DATA BLOCK:
=== Begin Enclosure ===

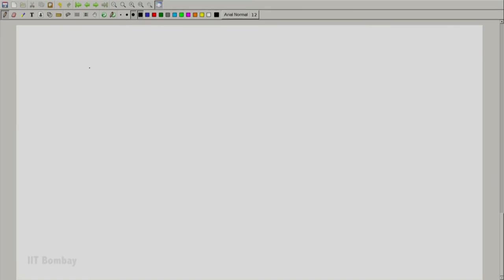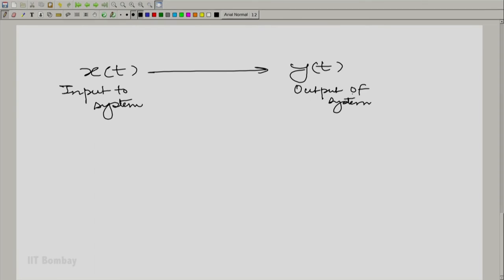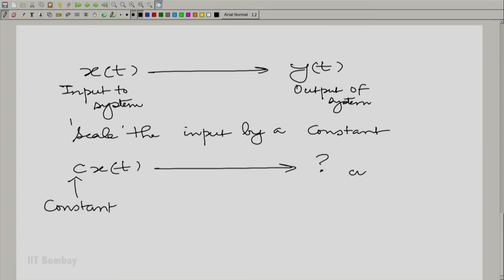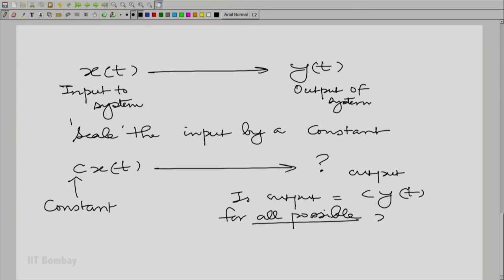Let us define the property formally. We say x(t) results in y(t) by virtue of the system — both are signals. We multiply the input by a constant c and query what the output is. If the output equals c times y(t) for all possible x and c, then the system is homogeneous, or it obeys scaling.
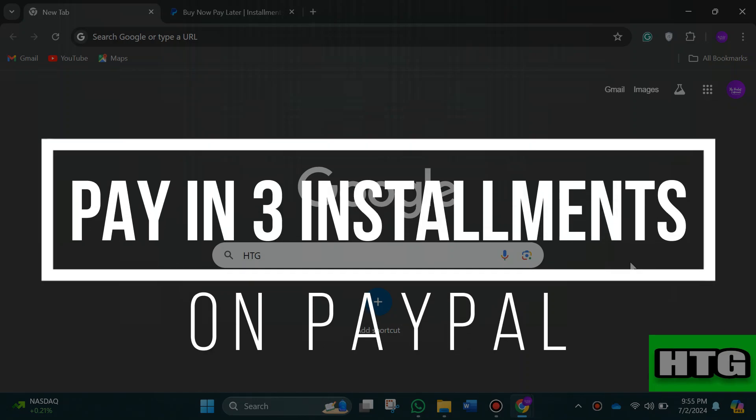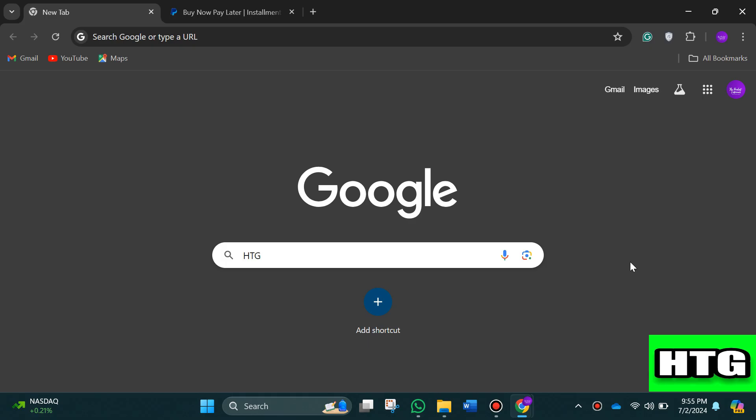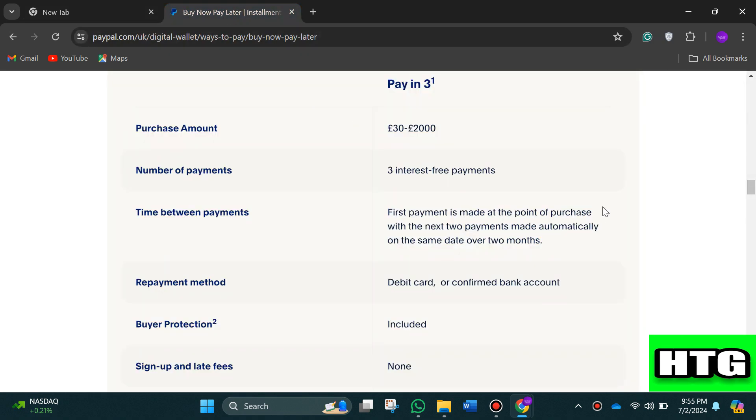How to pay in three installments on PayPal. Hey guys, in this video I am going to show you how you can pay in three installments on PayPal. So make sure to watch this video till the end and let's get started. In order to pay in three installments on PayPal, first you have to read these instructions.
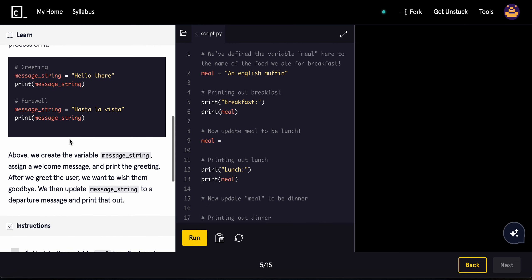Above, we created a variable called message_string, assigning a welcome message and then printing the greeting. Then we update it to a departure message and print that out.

=== End Enclosure ===

WHAT THE TASK REQUIRES:
Your answer must be the full listing, copied exactly, with no pictures in it.

RESPONSE TO THIS TASK:
Let us define the property formally. We say x(t) results in y(t) by virtue of the system — both are signals. We multiply the input by a constant c and query what the output is. If the output equals c times y(t) for all possible x and c, then the system is homogeneous, or it obeys scaling.
How to pay in three installments on PayPal. Hey guys, in this video I am going to show you how you can pay in three installments on PayPal. So make sure to watch this video till the end and let's get started. In order to pay in three installments on PayPal, first you have to read these instructions.
Above, we created a variable called message_string, assigning a welcome message and then printing the greeting. Then we update it to a departure message and print that out.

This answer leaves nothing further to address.